The homography matrix $H$ can be decomposed as:

$$H = H_S H_A H_P = \left[ \begin{matrix} sR & t \\ 0 & 1 \end{matrix} \right] \left[ \begin{matrix} K & 0 \\ 0^T & 1 \end{matrix} \right] \left[ \begin{matrix} 1 & v^T \\ 0 & u \end{matrix} \right] = \left[ \begin{matrix} A & t \\ v^T & u \end{matrix} \right]$$

Where:

• ( $H_S$ ): Similarity transformation (4 DoF)
• ( $H_A$ ): Affine transformation (6 DoF)
• ( $H_P$ ): Projective transformation (8 DoF)

Transformations Overview

1. Euclidean (Rigid) Transformation (3 DoF):

$$H_E = \left[ \begin{matrix} s r_{11} & s r_{12} & t_x \\\ s r_{21} & s r_{22} & t_y \\\ 0 & 0 & 1 \end{matrix} \right]$$

2. Similarity Transformation (4 DoF):

$$H_S = \left[ \begin{matrix} s_x r_{11} & s_x r_{12} & t_x \\\ s_y r_{21} & s_y r_{22} & t_y \\\ 0 & 0 & 1 \end{matrix} \right]$$

3. Affine Transformation (6 DoF):

$$H_A = \begin{bmatrix} s_x r_{11} & S_h x r_{12} & t_x \\\ S_h y r_{21} & s_y r_{22} & t_y \\\ 0 & 0 & 1 \end{bmatrix}$$

4. Projective Transformation (8 DoF)

$$H_P = \left[ \begin{matrix} h_{11} & h_{12} & h_{13} \\\ h_{21} & h_{22} & h_{23} \\\ h_{31} & h_{32} & h_{33} \end{matrix} \right]$$

Homography and Image Transformation

The transformation of images is typically defined as the projection mapping between images of the same planar object taken from different positions by distortion-free cameras.
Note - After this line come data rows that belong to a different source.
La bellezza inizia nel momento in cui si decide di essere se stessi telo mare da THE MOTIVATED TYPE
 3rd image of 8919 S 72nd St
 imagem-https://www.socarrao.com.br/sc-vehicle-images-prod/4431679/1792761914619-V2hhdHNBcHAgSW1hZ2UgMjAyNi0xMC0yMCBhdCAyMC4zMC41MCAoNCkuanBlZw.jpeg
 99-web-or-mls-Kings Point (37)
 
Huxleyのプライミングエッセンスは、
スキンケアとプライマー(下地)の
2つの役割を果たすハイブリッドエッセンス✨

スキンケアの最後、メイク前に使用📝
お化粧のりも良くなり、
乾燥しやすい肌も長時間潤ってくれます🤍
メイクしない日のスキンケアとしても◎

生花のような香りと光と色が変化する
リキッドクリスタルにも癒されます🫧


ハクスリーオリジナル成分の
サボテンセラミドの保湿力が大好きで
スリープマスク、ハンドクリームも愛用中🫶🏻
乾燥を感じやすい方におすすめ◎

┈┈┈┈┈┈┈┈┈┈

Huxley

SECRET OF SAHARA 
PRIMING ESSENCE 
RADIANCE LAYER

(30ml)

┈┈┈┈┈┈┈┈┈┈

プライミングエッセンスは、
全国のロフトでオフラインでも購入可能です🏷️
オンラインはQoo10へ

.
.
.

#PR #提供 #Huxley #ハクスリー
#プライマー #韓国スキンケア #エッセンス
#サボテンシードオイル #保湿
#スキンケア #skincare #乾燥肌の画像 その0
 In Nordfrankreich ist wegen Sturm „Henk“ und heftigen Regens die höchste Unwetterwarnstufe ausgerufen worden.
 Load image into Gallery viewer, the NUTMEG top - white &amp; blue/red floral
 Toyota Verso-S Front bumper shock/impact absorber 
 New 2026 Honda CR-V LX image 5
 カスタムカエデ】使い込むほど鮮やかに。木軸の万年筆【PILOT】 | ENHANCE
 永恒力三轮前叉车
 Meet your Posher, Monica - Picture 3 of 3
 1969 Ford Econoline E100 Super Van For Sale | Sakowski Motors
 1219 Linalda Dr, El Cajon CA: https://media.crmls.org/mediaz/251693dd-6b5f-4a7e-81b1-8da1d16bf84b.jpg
The Direct Linear Transformation (DLT) is one of the simplest methods to estimate homography.

Given homogeneous coordinates $(u, v, 1)$ in the first image and $(u', v', 1)$ in the second image, we have:

$$\left[ \begin{matrix} u' \\\ v' \\\ 1 \end{matrix} \right] = \left[ \begin{matrix} h_{11} & h_{12} & h_{13} \\\ h_{21} & h_{22} & h_{23} \\\ h_{31} & h_{32} & h_{33} \end{matrix} \right] \left[ \begin{matrix} u \\\ v \\\ 1 \end{matrix} \right]$$

Expanding:

The equations for the transformed coordinates $(u', v')$ in homogeneous coordinates are given by:

$$u' = h_{11} u + h_{12} v + h_{13}$$ $$v' = h_{21} u + h_{22} v + h_{23}$$ $$1 = h_{31} u + h_{32} v + h_{33}$$

Further, by multiplying the denominator to the left, we can transform the equations into:

$$(h_{31} u + h_{32} v + h_{33}) u' = h_{11} u + h_{12} v + h_{13} \\$$ $$(h_{31} u + h_{32} v + h_{33}) v' = h_{21} u + h_{22} v + h_{23} \\$$ $$\Rightarrow 0 = h_{11} u + h_{12} v + h_{13} - h_{31} u' u - h_{32} u' v - h_{33} u' \\$$ $$\Rightarrow 0 = h_{21} u + h_{22} v + h_{23} - h_{31} v' u - h_{32} v' v - h_{33} v'$$

This is a pair of homogeneous equations (since the right hand side is zero).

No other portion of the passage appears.